28 de junio de 2011

Educación y Cultura. Un enfoque desde el campo (I).

Típico paisaje del campo manabita.

En un artículo de Emilio Palacio Urrutia   se narra como el presidente ecuatoriano Rafael Correa asiste a una representación teatral de  unos niños campesinos sobre el  entorno donde viven: mujeres lavando ropa, hombres que toman aguardiente o que cruzan sus machetes en un remedo de pelea.  Los pequeñuelos, que han presentado el programa con anterioridad ante otras autoridades de menor rango, esperan la felicitación del primer mandatario y la foto junta a él a la finalización del psicodrama. Pero, terminada la función, el presidente increpa a los niños por la representación "sexista y violenta" que acaba de ver y les hace prometer que no lo volverán a hacer. Los niños compungidos,  se alejan  confundidos. Sus profesores no atinan que actitud tomar y siguen el camino de sus pupilos.

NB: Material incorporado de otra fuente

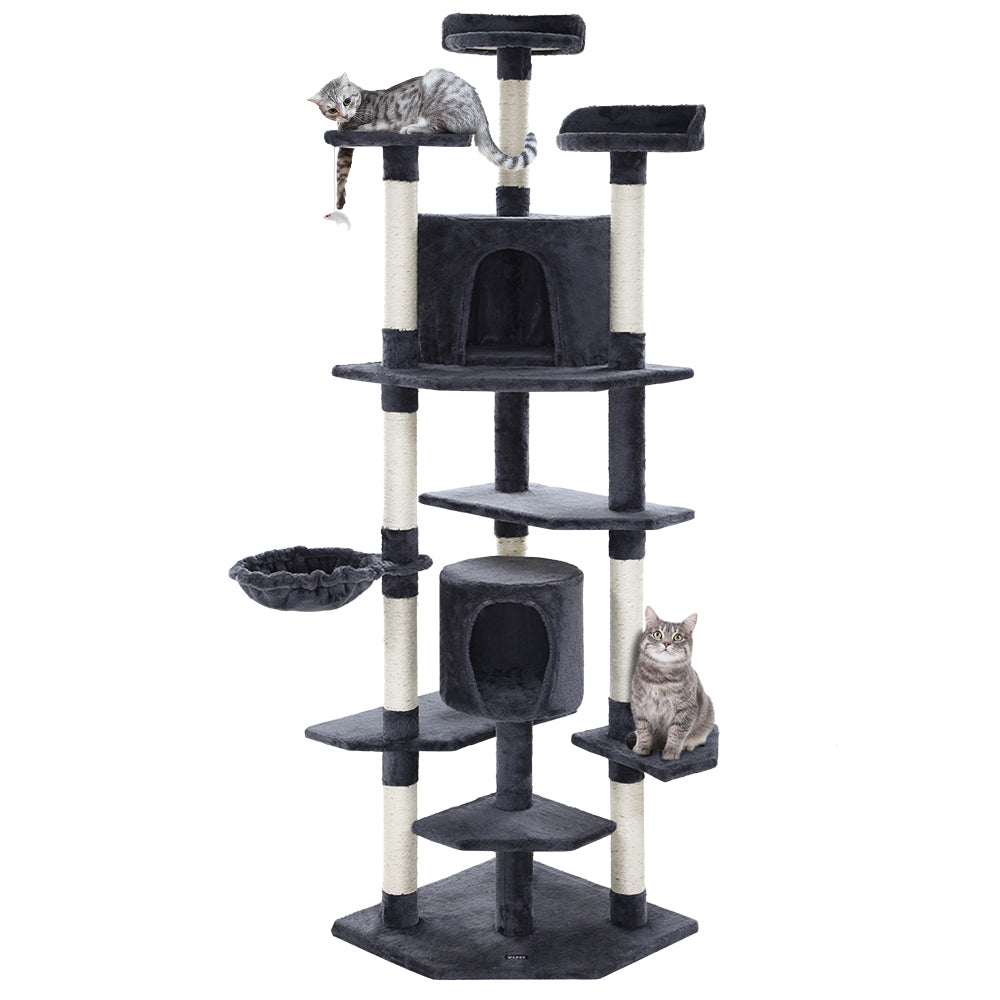 Cat Scratching Posts: i.Pet Cat Tree 203cm Tower Scratching Post Scratcher Condo Trees House Bed Grey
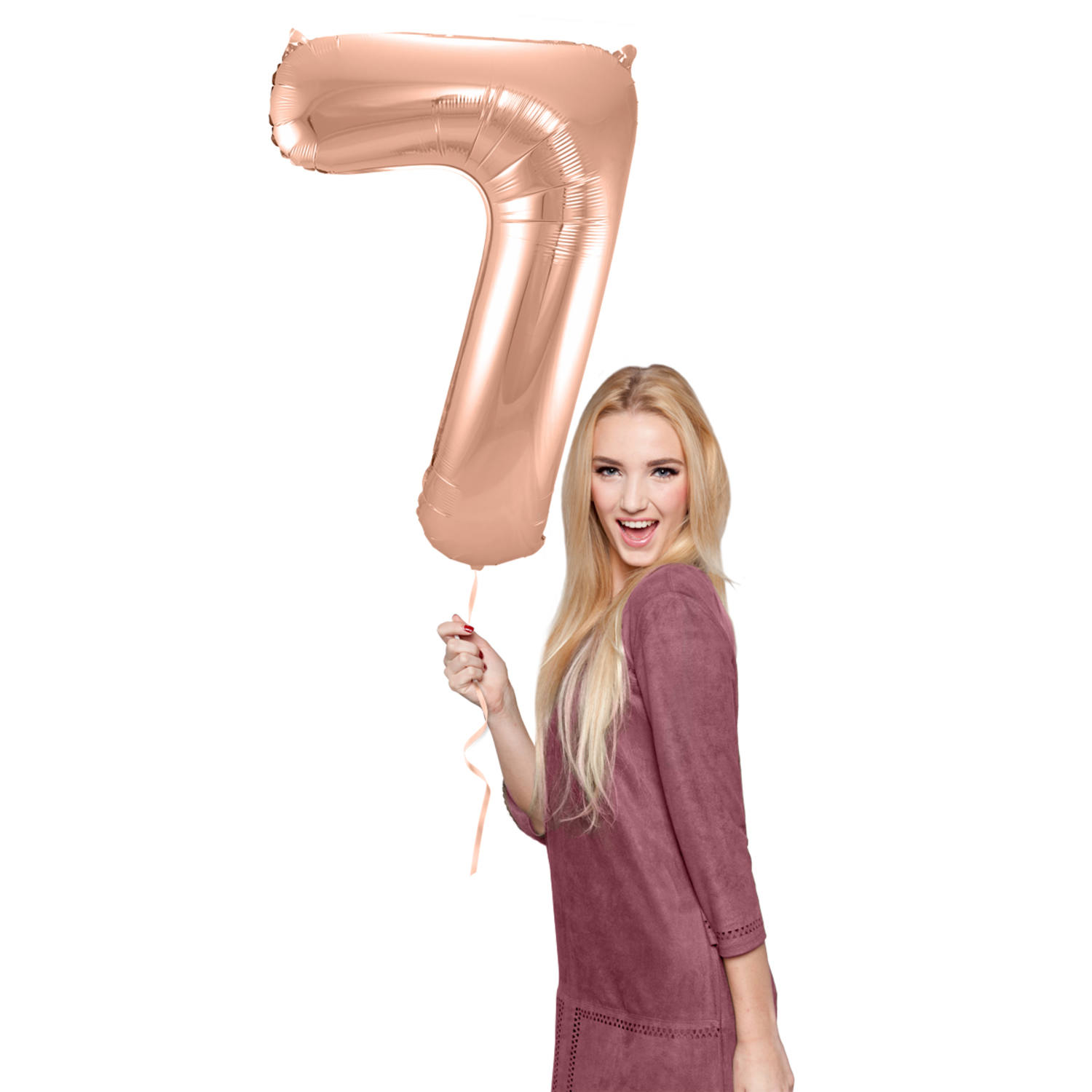 Foil Balloon Number 7 - Rose Gold - 86 cm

Al parecer, la intención del primer mandatario era crear un juicio de valor sobre lo representado. Quien duda que el alcoholismo y la violencia doméstica es un problema de toda la sociedad, teniendo la rural, un índice importante en ambos males. Pero representar un drama local no significa que se comulgue con él. El error en la apreciación maniquea de Correa no es solo de la visión que se ha formado él, personalmente,  sobre el ambiente rural, sino de la sociedad donde creció. Aunque no lo sepa el presidente, su visión es la de los citadinos ecuatorianos. El habitante de Quito y Guayaquil asoció la violencia, la ignorancia y la desorganización con el campesinado porque esa es la imagen que se vendió a través de la crónica roja y de programas como Mis adorables Entenados, Mi Recinto y la Niñera donde estereotipan al hombre y la mujer del campo. Los guionistas ecuatorianos como que se escudan de su falta de creatividad y asocian a sus personajes marginales con poblaciones o recintos que se suponen "bárbaros" con la misma acepción de esta palabra que usaban los antiguos romanos cuando se referían a las tribus que rodeaban el Imperio.

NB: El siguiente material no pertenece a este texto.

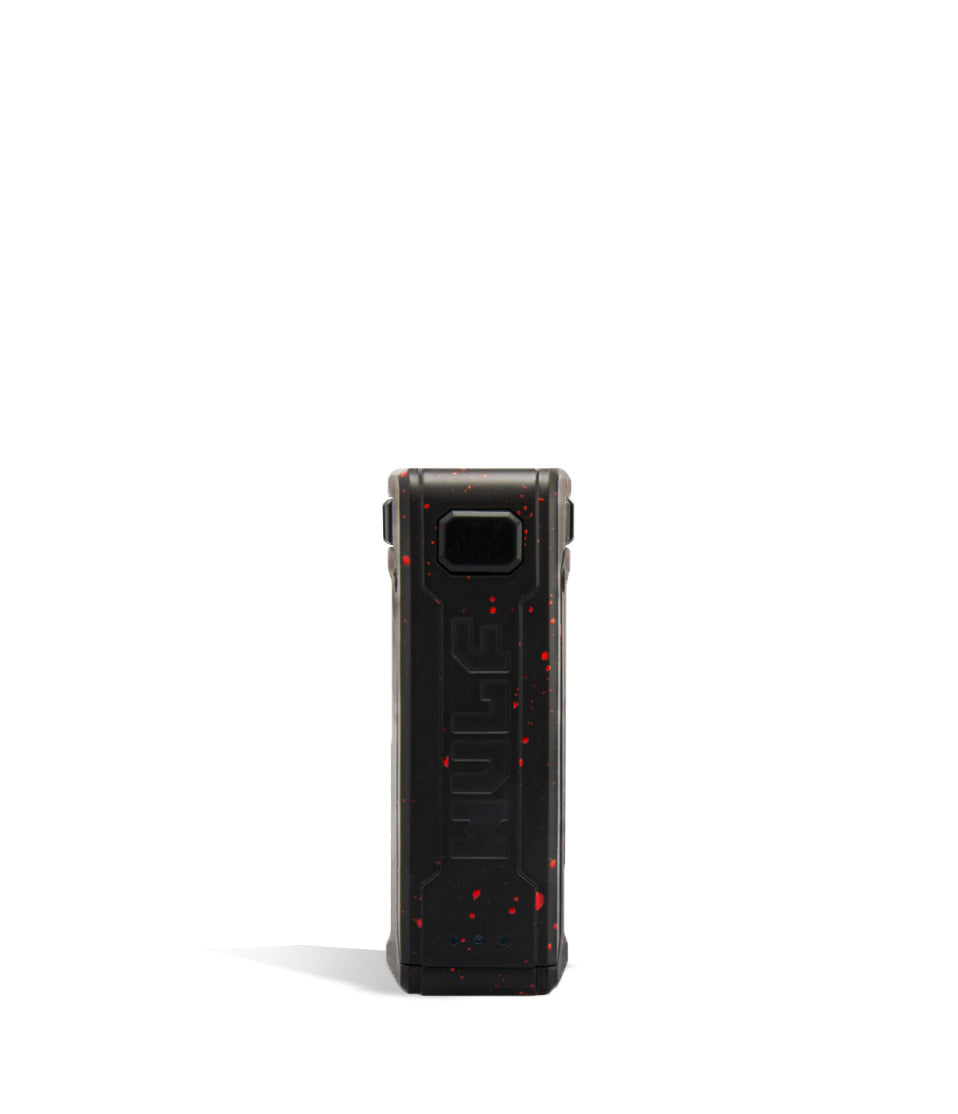 Black Red Spatter Face View Wulf Mods UNI S Adjustable Cartridge Vaporizer on white background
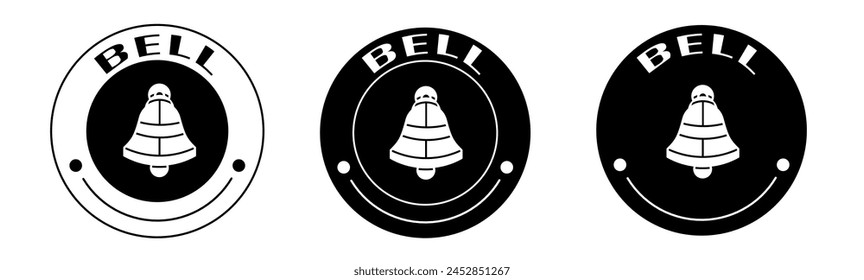 Black and white illustration of bell icon in flat. Stock vector.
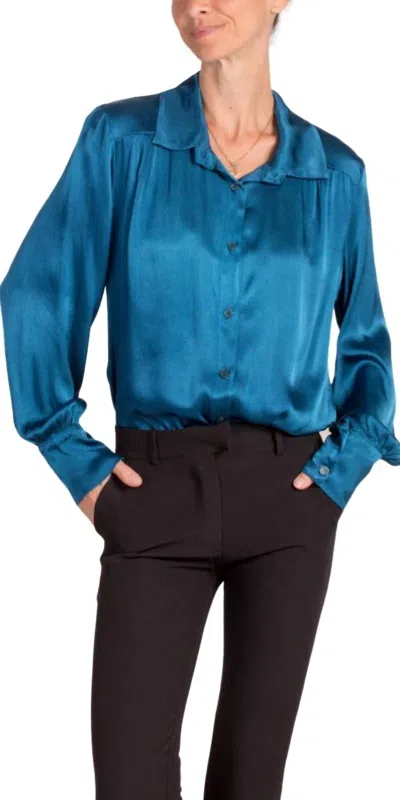 Gigi Moda Gia Satin Top In Teal In Blue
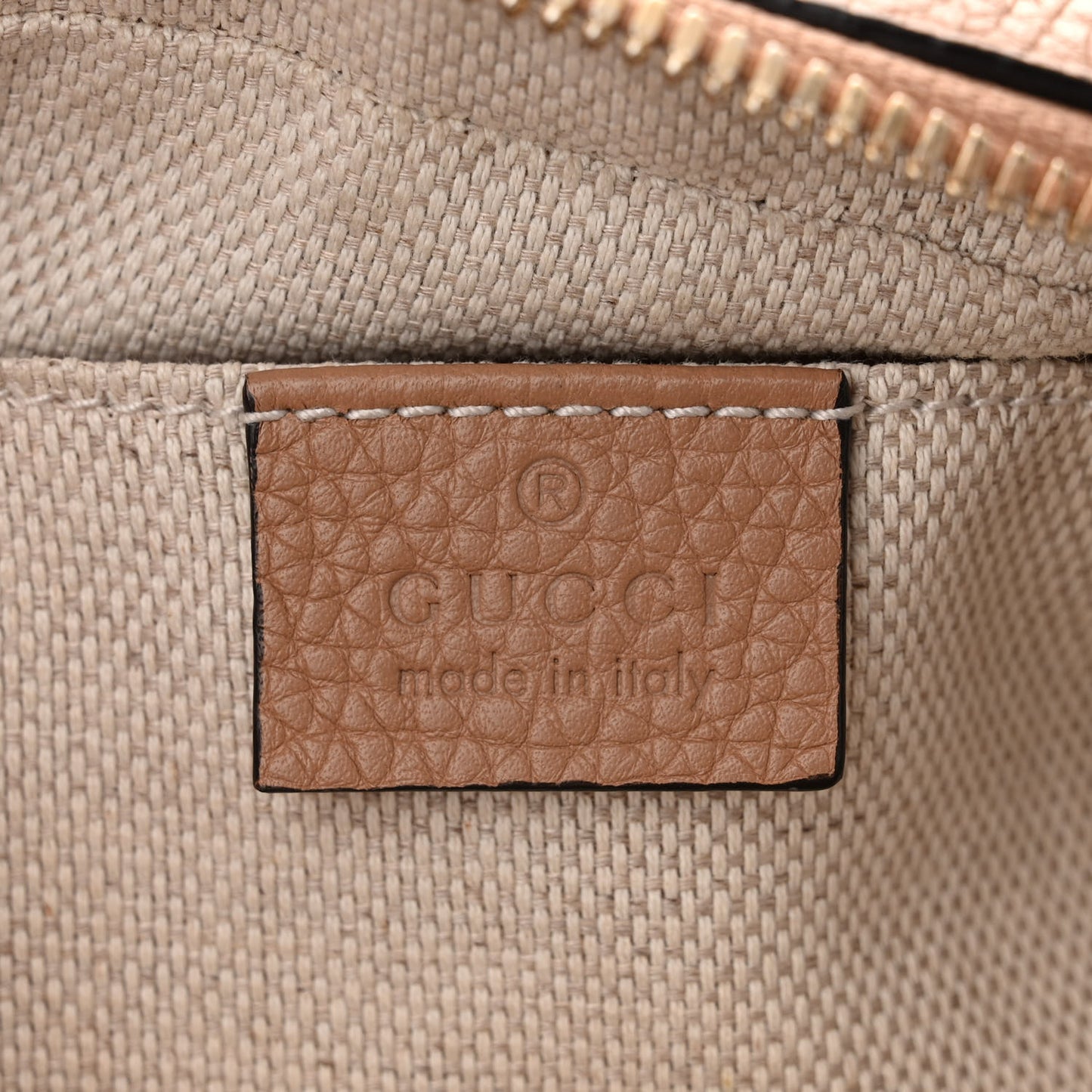 Pebbled Calfskin Small Soho Disco Bag Camelia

 La cultura montubia es, en realidad, muy rica y nada le debe envidiar a su contraparte urbana. Hay todo un mundo que explorar en tradiciones, cocina, prácticas agrícolas, leyendas, cosmovisión, música, baile. Sitio a sitio hay ligeros cambios que se van acumulando cuando cambiamos de cantón y aún más de provincia. Lástima que año tras año con la llegada de la ola homogenizadora de la modernidad se siga erosionando este patrimonio intangible.
No dejé algunas veces de sentir en carne propia algunos de los prejuicios con los que los citadinos etiquetan a los nativos del campo y de los pequeños pueblos. El típico campesino, para ellos es ignorante, violento, salvaje, no tiene una buena dicción. Contra ese menosprecio, el campesino oponía su candidez y su generosidad natural. Al "dotor" le traía a regalar un par de gallinas o unos atados de fréjol. El notario, registrador o funcionario  veían al agricultor como aquel de quien obtener un poco más de réditos económicos. Para el político, el habitante de los campos era (es)  quien, el día de las elecciones, se le va a traer de sus comunidades para que ejerza "su derecho". Se le daba un machete, medio litro de aguardiente  y el pasaje de vuelta.

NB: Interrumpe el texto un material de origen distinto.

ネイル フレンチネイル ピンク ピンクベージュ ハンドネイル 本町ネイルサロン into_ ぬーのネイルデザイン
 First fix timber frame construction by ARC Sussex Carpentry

 Si conocemos que la cultura es parte de la sostenibilidad del desarrollo, ¿Puede haber cultura sin educación convencional? Particularmente pienso que, si bien en los siglos XIX y gran parte del XX, el campesino mantuvo incólume su riqueza cultural, los tiempos que vivimos, donde existe una aculturización que nos mueve hacia un modo de vivir llano y anodino a través de todo el mundo, es preciso que, el agricultor potencialice su cultura a través de la educación formal, para no caer víctima de este proceso global que va eliminando modos de vida, lenguas y tradiciones a su paso.
Es tiempo de darle  a la cultura campesina su verdadero valor para que nuestros nietos la conozcan  viva y no momificada en los museos del mañana.